Sunday, 24 February 2008

This gun for hire (Frank Tuttle 1942)


Willard Gates: Don't you trust me?
Philip Raven: Who trusts anybody?

Ruthless killer Philip Raven (Alan Ladd) has just finished a “job”. He has got rid of a blackmailer and he is paid with “hot” money. Willard Gates (Laird Cregor), the man who had hired him is involved in a plot to sell poison gas to the nazis. Gates himself, who is also a night club owner, reports Raven to the police.

Raven, escaping from the police, takes a train to L.A. to revenge from Gates. During the journey he meets Ellen Graham (Veronica Lake) a night club artist who is going to perform at Gates’ club. Ellen’s boyfriend (Robert Preston) is a police lieutenant that’s after the killer.

Raven takes Ellen as a hostage and slowly a feeling of sympathy grows between them.
Although they belong to different sides there is a growing complicity between Ellen and Raven. In a way she is a femme fatale who gets involved in the killer's life, but she also redeems him and makes him more humane.

There is an atmosphere of moral ambiguity as the film develops. We progressively see Raven as a victim rather than as a cold-blood killer. He has been an ill-treated, isolated character since his early childhood. Probably that’s why he has a liking for cats: “they don’t need anybody”. He is also highly individualistic:

Ellen Graham: Why don't you go to the police?
Philip Raven: I'm my own police

The film is based on Graham Greene’s novel “A Gun for Sale” and noir style novelist W.R Burnett worked in the script.

We have to highlight J. F. Seitz photography. The dark shots in the gas works and at the freight yard are unforgettable.

Alan Ladd and Veronica Lake’s ambiguous performances are another key point in the film. In fact we are facing one of the classic noir best known couples in their best movie.

Saturday, 16 February 2008

Killer’s Kiss (Stanley Kubrick 1955)


Davy Gordon: It's crazy how you can get yourself in a mess sometimes and not even be able to think about it with any sense-and yet not be able to think about anything else. …Anyway, I think that's the way it began for me. Just before my fight with Rodriguez three days ago...


Davy (Jamie Smith) introduces us to the plot of the film (through a typically noir flashback). He is an unsuccessful boxer. He lives in a block of flats and from his window he can often see Irene (Gloria Pace), a dancer in a rundown club.

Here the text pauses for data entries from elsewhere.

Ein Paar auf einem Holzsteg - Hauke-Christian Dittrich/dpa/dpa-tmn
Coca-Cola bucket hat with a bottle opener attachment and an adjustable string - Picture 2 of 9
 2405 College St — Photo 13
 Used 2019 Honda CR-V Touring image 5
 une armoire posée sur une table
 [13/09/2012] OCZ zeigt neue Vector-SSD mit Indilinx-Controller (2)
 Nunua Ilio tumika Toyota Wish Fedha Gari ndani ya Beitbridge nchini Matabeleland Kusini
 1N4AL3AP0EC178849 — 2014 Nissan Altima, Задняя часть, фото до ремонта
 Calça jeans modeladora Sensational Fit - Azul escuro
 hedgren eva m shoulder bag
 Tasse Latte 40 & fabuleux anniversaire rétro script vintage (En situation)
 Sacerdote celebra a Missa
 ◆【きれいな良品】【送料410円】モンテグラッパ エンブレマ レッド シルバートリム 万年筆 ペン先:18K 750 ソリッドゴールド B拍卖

Her elder boss Vincent Rapallo (Frank Silveira) is in love with her. After being refused by Irene he attacks her but Davy witnesses the scene and rushes to help her neighbour. The couple fall in love and plan to leave the city and move to Seattle but Vincent hasn’t given up he is planning his revenge…

This is Kubrick’s second long movie (though it is just one hour long) and the last one with his own script. It was a low budget film – as Kubrick said: Different people gave me backing for Killer's Kiss, which also lost half of its forty-thousand-dollar budget” and no first line actors could be hired.

The film is not one of the director’s best but it was an important step for the director: “I was cameraman, director, editor, assistant editor, sound effects man -- you name it, I did it. And it was invaluable experience”. The highly contrasted black and white scenes have some striking moments. Kubrick’s imprint can be traced in some sequences – we can mention the final scene with the fighting among the mannequins...

Davy: Anyway, I guess the whole thing was pretty silly... know a girl for two days and fall in love.

Sunday, 10 February 2008

High Sierra (Raoul Walsh, 1941)

Marie: …”just rushing toward death


Marie's remark to Roy defines his doomed character. Gangster Roy Earle is taken out of prison by Big Mac, an old colleague who wants him to participate in a hold-up.

Just out of the prison Earle wants to go to the park to see “if the grass is still green and the trees still grow”. There is a big contrast between country and city in all the film: The country stands for freedom and the purity of man while the city is a symbol of corruption – an idea that will be present in other noir films.

Humphrey Bogart plays the role of Roy Earle – a hardboiled gangster with good feelings (the movie was a turning point in Bogart’s career). In fact we see him as a good-hearted man longing for purity – in nature, in his vision of Velma – the lame girl he helps…

Roy has to take part in a robbery in Tropic springs – then he will be able to return to the simple life he lived as a boy in Indiana. However things go wrong and he ends up chased by the police in the high sierra. His final companions, Marie (Ida Lupino) and Pard – a dog that brings bad luck to his owners - see him die and also become "free" in a dramatic ending.

The film was produced by Mark Hellinger and the script was written by John Huston and William Ripley Burnett. These names would be important in future noir films. In the same way actors like Cornel Wilde (Mendoza) or Barton McLane (Kramer) would appear in other noir movies.

Maybe High Sierra is not strictly a noir film but it was one of the key movies in the transition from gangster pictures to noir movies.